Die Inschrift des Grabsteins der Frau des Rabbiners Tendlau ist deutlich umfänglicher als die auf älteren Steinen, die Frauen zuzuordnen sind. Einleitend wird auf die besondere Bedeutung ihres Mannes, Abraham Joseph Tendlau, für die Wiesbadener Gemeinde hingewiesen. Tendlau war Rabbiner, Gelehrter und Vorsteher des Gerichtshofs der Jüdischen Gemeinde. Der Gerichtshof (heute Schiedsgericht) entscheidet u.a. im Streitfall zwischen Mitgliedern. Der Vorsitz ist ein ehrenvolles Amt und setzt ein hohes Maß an Vertrauen aller Mitglieder voraus. Allgemein gilt, dass die Nennung des Vatersnamens oder des Namens des Ehemanns die wenigen sozialen Bezüge sind, die hebräische Inschriften herstellen. Es ist festzustellen, dass bei beinahe allen Grabsteinen auf dem Friedhof an der „Schönen Aussicht“ dem Namen, wie hier [Vorname] Tendlau, die Nennung des Geburtsorts folgt, sofern es sich nicht um Personen handelte, die in Wiesbaden geboren wurden oder hier lebten. Diese Abfolge von Informationen ist typisch für Inschriften auf jüdischen Grabsteinen.

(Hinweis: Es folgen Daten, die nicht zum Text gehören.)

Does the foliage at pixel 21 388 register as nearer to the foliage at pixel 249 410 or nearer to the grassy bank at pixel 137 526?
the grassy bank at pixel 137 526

Die Inschrift lässt weiter vermuten, dass neben ihrem Ehemann auch Frau Tendlau ein ehrenvolles Gemeindemitglied war. Mehrfach verwiesen wird vor allem auf ihre Wohltätigkeit.
Die Inschrift endet mit der üblichen Segensformel, dass ihre Seele im Bund (eigentlich Bündel) des Lebens eingebunden sein möge.
Hebräische Grabinschriften haben sich etwa im 8. Jahrhundert durchgesetzt. Zuvor war eine Inschrift in der Landessprache üblich. Bildliche Darstellungen lassen sich ab dem Mittelalter auf jüdischen Friedhöfen feststellen. Die Inschriften verfügen über eine feste Abfolge, stellen kaum soziale Bezüge her und nennen keine weltlichen Titel oder Berufsbezeichnungen, sofern sie nicht mit dem Kultus in Verbindung stehen. Die Einleitungsformel besagt stets „hier ist begraben“ oder „hier liegt geborgen“. Abwandlungen sind möglich. Es folgen Namensnennung, Eulogie und die Nennung des Sterbetags, manchmal auch der Tag der Beerdigung. Die Eulogie, ein oft kunstvolles hebräisches Totenlob, ist bei der Frau des Rabbiners Tendlau umfangreicher als bei anderen Steinen ausgeprägt.
Der Grabstein der Frau Tendlau befindet sich auf dem alten Teil des Friedhofs. Er steht in der Nähe des Hauptwegs. Deutlich ist die kreisrunde Beschädigung im oberen Teil des Grabsteins zu sehen, aufgrund der der Vorname der Frau Tendlau nicht überliefert ist.